Dataset info:
All 50 states except Delaware (idk why), Puerto Rico, U.S. Pacific Trust Territories and Possessions, 

In [45]:
from sklearn.preprocessing import StandardScaler
import numpy as np
import pandas as pd
import sys
import seaborn as sns
import matplotlib.pyplot as plt
import plotly.express as px

In [46]:
jan = pd.read_csv('data/data_by_month/jan_2023.csv')
feb = pd.read_csv('data/data_by_month/feb_2023.csv')
mar = pd.read_csv('data/data_by_month/mar_2023.csv')
apr = pd.read_csv('data/data_by_month/apr_2023.csv')
may = pd.read_csv('data/data_by_month/may_2023.csv')
jun = pd.read_csv('data/data_by_month/jun_2023.csv')
jul = pd.read_csv('data/data_by_month/jul_2023.csv')
aug = pd.read_csv('data/data_by_month/aug_2023.csv')
sep = pd.read_csv('data/data_by_month/sep_2023.csv')
oct = pd.read_csv('data/data_by_month/oct_2023.csv')
nov = pd.read_csv('data/data_by_month/nov_2023.csv')
dec = pd.read_csv('data/data_by_month/dec_2023.csv')
df = pd.concat([jan, feb, mar, apr, may, jun, jul, aug, sep, oct, nov, dec])
ids = pd.read_csv('data/airline_id.csv')

In [None]:
# data cleaning
df.fillna(0, inplace=True)

# rename airlines
airline_names = pd.DataFrame(df['OP_CARRIER_AIRLINE_ID'].unique(), columns=['Code']).merge(ids, on='Code', how='left')
airline_names['Description'] = airline_names['Description'].apply(lambda x: x.split(':')[0])
airline_names['Description'] = airline_names['Description'].apply(lambda x: x.split('LLC')[0])
airline_names['Description'] = airline_names['Description'].apply(lambda x: x.split('Inc.')[0])
airline_names['Description'] = airline_names['Description'].apply(lambda x: x.split('Corp')[0])
airline_names['Description'] = airline_names['Description'].apply(lambda x: x.split('Co.')[0])

df


In [None]:
# create an array of the delay types
delay_fields = ['CARRIER_DELAY', 'WEATHER_DELAY', 'NAS_DELAY', 'SECURITY_DELAY', 'LATE_AIRCRAFT_DELAY', 'CANCELLED']

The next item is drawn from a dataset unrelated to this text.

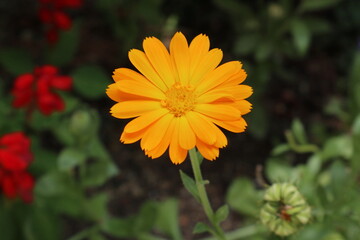 オレンジ色のキンセンカの花　横型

# prep the df to support a total flight field per airline
df['TOTAL_FLIGHTS'] = 1

# group by airline and sum the desired fields, merge with airline names
grouped_df = df.groupby('OP_CARRIER_AIRLINE_ID').agg({delay_fields[0]: 'sum', delay_fields[1]: 'sum', delay_fields[2]: 'sum', delay_fields[3]: 'sum', delay_fields[4]: 'sum', 'CANCELLED': 'sum', 'DIVERTED': 'sum', 'TOTAL_FLIGHTS': 'sum'}).reset_index()
grouped_with_airline = pd.merge(grouped_df, airline_names, left_on='OP_CARRIER_AIRLINE_ID', right_on='Code')

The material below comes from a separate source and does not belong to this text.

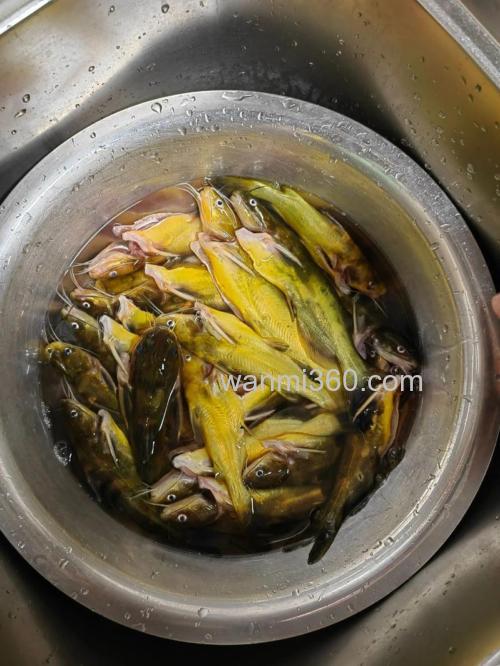 黄颡鱼饵料可以加白酒吗?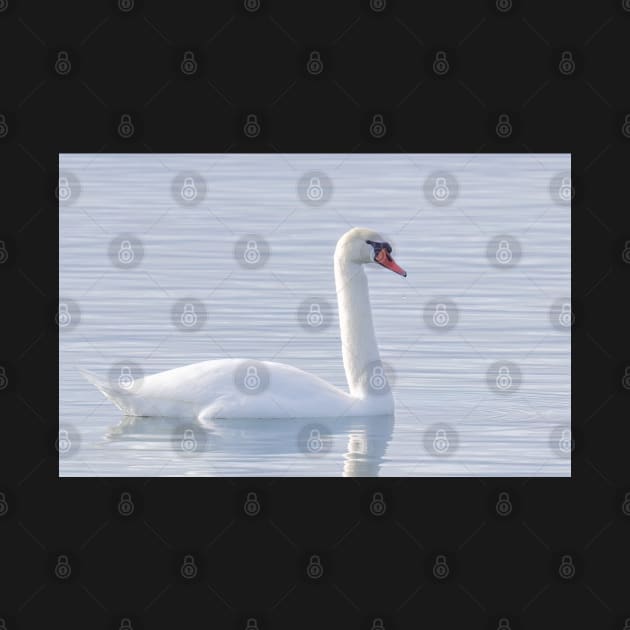 Mute Swan Swimming by Jim Cumming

average_delays = grouped_with_airline
for delay in delay_fields:
    average_delays[delay] = grouped_with_airline[delay] / grouped_with_airline['TOTAL_FLIGHTS']

Look at averages

In [None]:

for delay in delay_fields:
    average_delays_sorted = average_delays.sort_values(f'{delay}', ascending=False)
    plt.figure()
    plt.title(f'Average {delay} by Airline')
    plt.xlabel('Airline')
    plt.ylabel(f'Average {delay}')
    plt.xticks(rotation=90)
    sns.barplot(x='Description', y=f'{delay}', data=average_delays_sorted)





Create a ranking for best and worst airlines

In [None]:
# create weighted scores for each airline
ranks = pd.DataFrame(zip(airline_names['Description'], np.zeros(len(airline_names['Description']))), columns=['Airline', 'Score'])
for feature in delay_fields:
    temp = average_delays.sort_values(feature, ascending=False)
    position = 1
    for row in temp.iterrows():
        ranks.loc[ranks['Airline'] == row[1]['Description'], 'Score'] += position
        position += 1
sorted_ranks = ranks.sort_values('Score', ascending=False)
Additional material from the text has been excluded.